Nun und dann kam Pina Bausch mit Nelken. In Bausch und Bogen hat es uns alle erwischt, das Volkstheater in Wien war gerammelt voll, die Billeteur:innen fragten gar nicht mehr nach unseren Tickets, man ließ das Publikum einfach rein, einfach irgendwo sitzen, sei es auf den Treppen, wo bis auf die letzte Stufe alles besetzt war. Dieser Abend war grandios. Erstens wegen der Öffnung des Hauses, kompromisslos für alle und jede:n. Zweitens wegen der Wuppertaler Tanzkompanie. Die Liste der Auszeichungen ist immens. Später verfiel ich Marina Abramović, die ich Jahre später jedoch wieder für mich entzauberte. Abramović ist keine Tänzerin, sondern Performerin. Wobei in heutiger Zeit Überschneidungen zum Profil dazugehören und Eindeutigkeiten in der Abgrenzung zu anderen Sparten gar nicht erwünscht ist. So ging es mir vor kurzem bei der hinreißenden Dani Brown im MQ in Wien. Ich sehe alles in ihr; Tanz, Comedy, Crossover von Stimme und Bodysound, Feminismus, Körperkunst, skulpturale Performance, Aktivismus, Farce. Und sowas von grandioser Uneitelkeit. Anhand dessen merke ich die lauten Zeichen der Zeit. Künstlerinnen sind nicht mehr zwingend einem Diktat von Narzissmus und gesteigerter Eitelkeit unterworfen, weil sich der Bezug zu ihrem Körper und seiner diversen Selbstverständlichkeit aus einem gestörten Gesellschaftsbild heraus entwickelt hat.
Jedoch Vorsicht, der Zusammenhang zwischen Kapitalismus, Frauenbild und Zerstörung, Krieg und Körper-Entwertung entbehrt nicht einer wachsamen Beobachtung. Dani Brown zerstört jede Fantasie, die wir auf ihren Körper projizieren wollen – mit Witz und direktem Dialog. What would you do?, fragt sie immer wieder, What would you do? Das Klischee entweicht ihrem Mund: Getting hysterical! Get a megaphone, a microphone, on prime time – in television. … does anybody still watch tv? Ihre Körpersprache erinnert stark an Gollum aus Herr der Ringe, in Phasen, wo sie archaisch und komödiantisch agiert. Ein exquisit komponierter Elektro-Sound zieht das Publikum tranceartig hinein. Oder sie performt eine Burleske mit nacktem Unterkörper, denn die Hose streift sie irgendwann ab. Und dann, dann spricht das weibliche Geschlechtsteil, die Glitzer-Cunt, die kunstvoll gestaltete Vagina und ihr Arsch, den hält sie uns unvermittelt ins Gesicht, den Mut dazu hat sie in der Tat. Vagina und Arsch mutieren zu einem Gesicht. Blumen und Farben changieren in der Interaktion mit Floralem, die Blüte als pleasure, echte Schmetterlinge fliegen. Die Vagina spricht, die Beine fungieren als Arme und die Füße als Hände und gestikulieren zu dem, was die Vagina uns erzählt. Ja, Gott verehren wir – für unser Dasein, aber wir verehren nicht die Cunt, die Vulva, die Gebärmutter, aus der wir kommen! Ein Raunen ging durchs Publikum und ein erleichterndes Lachen .

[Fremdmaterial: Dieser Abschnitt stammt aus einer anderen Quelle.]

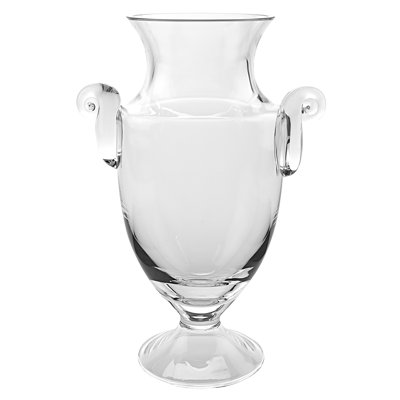 Vase de table Esbern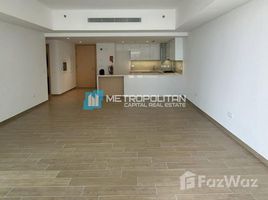 2 chambre Appartement à vendre à Mayan 3., Yas Bay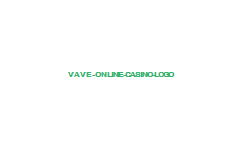 ベイブ Casino Logo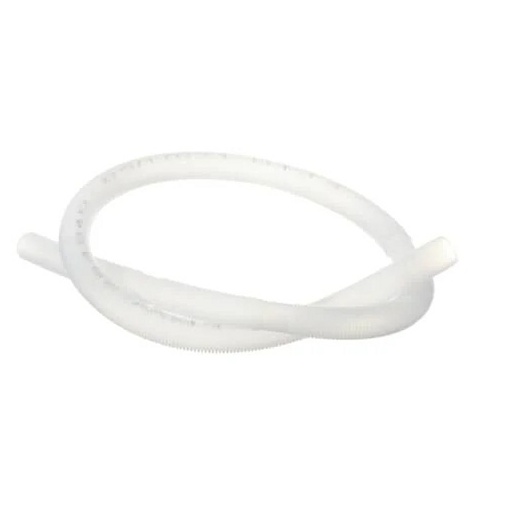 Bosch Dishwasher Vent Hose - 00645148, Replaces: 645148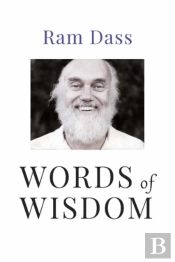Words Of Wisdom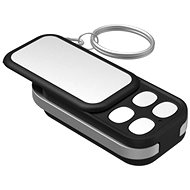 AeoTec Z-Wave KeyFob - Smart Wireless Remote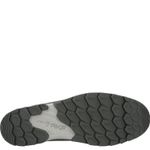 Botin-Para-Hombre-Cuero-Shuksan-Gris-Rockford
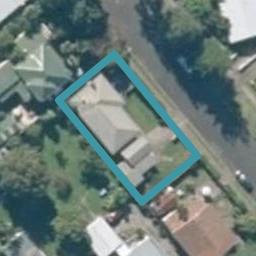 802 Cook Place, Raureka, Hastings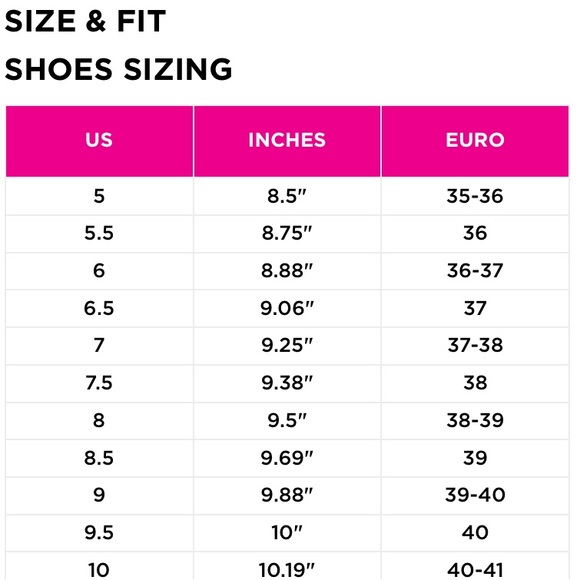 NWT Betsey Johnson ALAIA Black Plaid Sequin Heels - Picture 7 of 13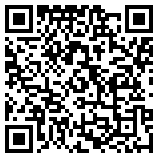 QR Code for Fitness Riser in Montezuma, IA 50171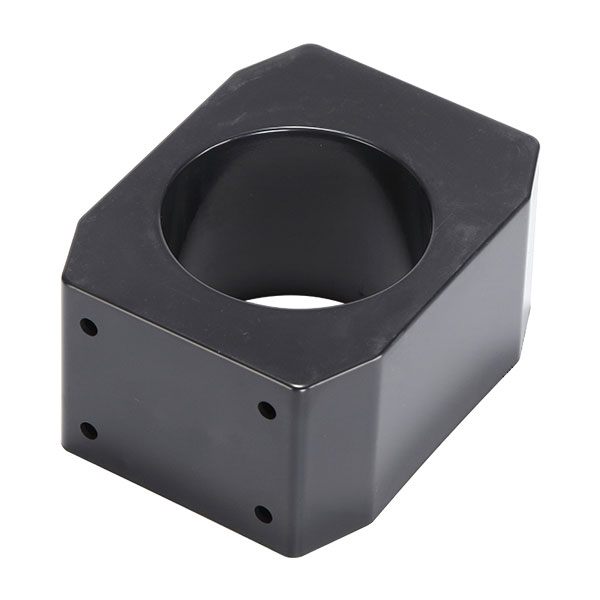 Busbar Current Transformer (Busbar CT)∅80X(120-135)X60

Standing ovations. Völlig zu Recht. Und wo steht der Tanz heute? Wie möchten Menschen sich bewegen? Gleichstellung, Feminismus, Diversität, politischer Aktivismus, künstlerische Interventionen haben also doch etwas bewirkt, denke ich. Irgendwie macht es mich nur glücklich, eine junge Frau auf der Bühne zu sehen, die einen völlig anderen Bezug zu ihrem Körper hat, als ich je haben werde. Dani Brown entblößt nicht nur ihren Körper. Sie entblößt stereotypes Urteilen gegenüber Geschlecht. Auf leichteste, verspielte, verrückte Weise. Der Körper ist ein Kosmos im Universum, er treibt umher und wird gestaltet von Politik, Biologie und Mainstream. Zwischen diesen drei Begrifflichkeiten aber kann ich, muss ich tanzen. Tanzt, tanzt, sonst sind wir verloren (Pina Bausch).